Our variable expenses include variable compensation paid to traders and risk management consultants, bonuses paid to operational, administrative, and executive employees, transaction-based clearing expenses and introducing broker commissions. We seek to make non-interest expenses variable to the greatest extent possible, and to keep our fixed costs as low as possible.

Variable expenses were 62% of total expenses in the current period compared to 61% in the prior year period. Non-variable expenses, excluding bad debts and the recoveries and bad debt on physical coal, increased $13.7 million, or 18%, year-over-year, primarily driven by our acquisitions of Carl Kliem S.A., PayCommerce Financial Solutions, LLC, CoinInvest GmbH, European Precious Metal Trading GmbH and GMP Securities LLC, as well as the launch of our securities prime brokerage initiative and our expansion efforts in Canada. While we view these acquisitions and expansion efforts as long-term strategic decisions, they resulted in a pre-tax net losses of $3.0 million and $10.3 million for the current quarter and fiscal year, respectively.
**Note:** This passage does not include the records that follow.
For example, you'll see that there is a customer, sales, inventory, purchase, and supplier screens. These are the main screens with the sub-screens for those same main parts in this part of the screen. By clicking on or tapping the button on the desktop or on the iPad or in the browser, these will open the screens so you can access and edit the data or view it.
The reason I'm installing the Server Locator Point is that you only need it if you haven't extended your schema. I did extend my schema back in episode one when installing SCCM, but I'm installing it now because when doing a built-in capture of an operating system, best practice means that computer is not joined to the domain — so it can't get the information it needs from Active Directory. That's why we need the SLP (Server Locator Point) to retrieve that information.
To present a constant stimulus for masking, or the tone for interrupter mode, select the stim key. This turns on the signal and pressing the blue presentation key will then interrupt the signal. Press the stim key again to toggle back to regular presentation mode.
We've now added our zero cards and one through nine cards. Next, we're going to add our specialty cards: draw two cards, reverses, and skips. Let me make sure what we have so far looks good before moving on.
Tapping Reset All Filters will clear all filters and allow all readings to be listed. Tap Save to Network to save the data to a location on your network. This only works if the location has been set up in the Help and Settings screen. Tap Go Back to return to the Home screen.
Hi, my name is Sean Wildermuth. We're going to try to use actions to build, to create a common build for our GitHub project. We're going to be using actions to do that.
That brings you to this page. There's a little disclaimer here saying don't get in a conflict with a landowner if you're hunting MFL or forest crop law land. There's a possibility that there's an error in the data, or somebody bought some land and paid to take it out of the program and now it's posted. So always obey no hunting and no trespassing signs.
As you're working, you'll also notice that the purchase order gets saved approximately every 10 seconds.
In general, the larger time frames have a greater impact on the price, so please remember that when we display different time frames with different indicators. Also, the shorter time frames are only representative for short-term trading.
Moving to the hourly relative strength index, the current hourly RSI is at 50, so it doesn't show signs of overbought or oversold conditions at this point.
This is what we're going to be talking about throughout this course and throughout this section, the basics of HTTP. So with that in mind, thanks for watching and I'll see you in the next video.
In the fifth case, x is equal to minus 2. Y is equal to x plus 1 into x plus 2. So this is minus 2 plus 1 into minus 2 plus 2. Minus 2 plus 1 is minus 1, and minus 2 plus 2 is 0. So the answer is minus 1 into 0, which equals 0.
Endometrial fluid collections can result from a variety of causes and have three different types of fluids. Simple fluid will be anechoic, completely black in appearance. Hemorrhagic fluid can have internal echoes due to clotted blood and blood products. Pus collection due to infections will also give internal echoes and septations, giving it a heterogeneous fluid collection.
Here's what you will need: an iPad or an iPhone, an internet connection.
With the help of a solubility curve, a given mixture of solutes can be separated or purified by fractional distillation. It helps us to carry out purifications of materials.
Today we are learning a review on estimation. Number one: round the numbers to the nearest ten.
Unallocated Costs and Expenses

The following table is a breakout of our unallocated costs and expenses from the compensation and other expenses in the INTL FCStone Inc. Summary Financials shown above. The unallocated costs and expenses include certain shared services such as information technology, accounting and treasury, credit and risk, legal and compliance, and human resources and other activities. 

 Three Months Ended September 30, Year Ended September 30,
(in millions)
 2019 % Change 2018 2019 % Change 2018
Compensation and benefits:
           
Variable compensation and benefits9.6  57% 6.1  27.7  24% 22.4 
Fixed compensation and benefits18.6  16% 16.1  72.8  14% 63.9 
 28.2  27% 22.2  100.5  16% 86.3 
Other expenses:           
Trading systems and market information1.7  89% 0.9  2.7  (10)% 3.0 
Occupancy and equipment rental5.0  22% 4.1  19.3  17% 16.5 
Professional fees3.2  28% 2.5  13.3  27% 10.5 
Travel and business development1.0  11% 0.9  3.8  15% 3.3 
Non-trading technology and support3.8  41% 2.7  15.1  39% 10.9 
Depreciation and amortization3.1  19% 2.6  10.8  16% 9.3 
Communications1.6  23% 1.3  6.2  24% 5.0 
Other5.5  25% 4.4  17.7  2% 17.4 
 24.9  28% 19.4  88.9  17% 75.9 
Total compensation and other expenses$53.1  28% $41.6  $189.4  17% $162.2 

Total unallocated costs and other expenses increased $11.5 million to $53.1 million in the fourth quarter compared to $41.6 million in the prior year. Compensation and benefits increased $6.0 million, or 27% to $28.2 million in the fourth quarter compared to $22.2 million in the prior year, of which $0.6 million relates to acquisitions and new business initiatives since October 1, 2018. Other non-compensation expenses include $0.7 million in the fourth quarter related to acquisitions and new business initiatives since October 1, 2018.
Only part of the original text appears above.